We use the following tools to analyze and develop the OCR solutions:

  Matlab 7.0

Prototyping in Matlab comes with a good set of visualization tools. This helps in identifying the problems in the different algorithms, resulting in quicker development times. It also enables access to support from the research community and researchers distribute part of their source code as matlab libraries, which reduces the time required to develop new algorithms.

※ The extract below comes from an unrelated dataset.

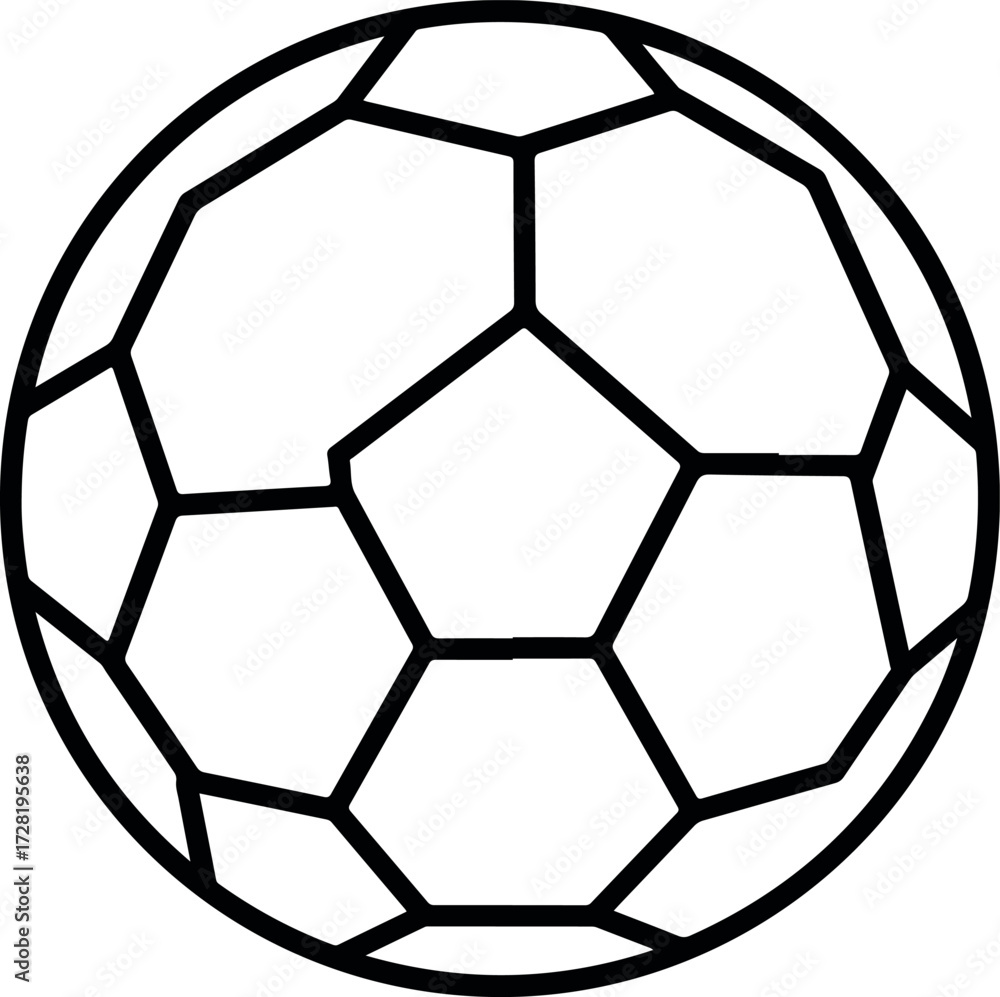 Obraz premium Soccer ball illustration with black lines and geometric shapes for sports.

The commonly used tools include the following: Optimization toolbox, Support Vector Machine library, Shape Context library and Image Processing library


  Visual C++

Matlab lacks optimization for execution of the algorithms, therefore the code developed in Matlab is generally ported to C++ and optimized for real-time detection of the OCR.


The OCR detection requires two problems to be solved simultaneously:

  Segmentation

Segmentation is the problem of finding the boundaries of the alphabets using some sort of image processing or machine learning algorithm. There were several techniques used for segmentation and pre-processing described below:


  1. Gaussian blur for alphabet thinning
  2. Blobization for merging pixels into characters
  3. Graph cuts (Spatially Coherent Clustering with Graph Cuts - Zabih and Kolmogorov, CVPR '04)
  4. Normalized cuts (Normalized cuts and image segmentation - Jianbo Shi, Malik, J. - Pattern Analysis and Machine Intelligence)
  5. Meanshift transform for mode finding
  6. Medial Axis transform for skeletonization of alphabets

  Recognition

Recognition determines what alphabet is constituted by the segmented characters using our machine learning algorithm.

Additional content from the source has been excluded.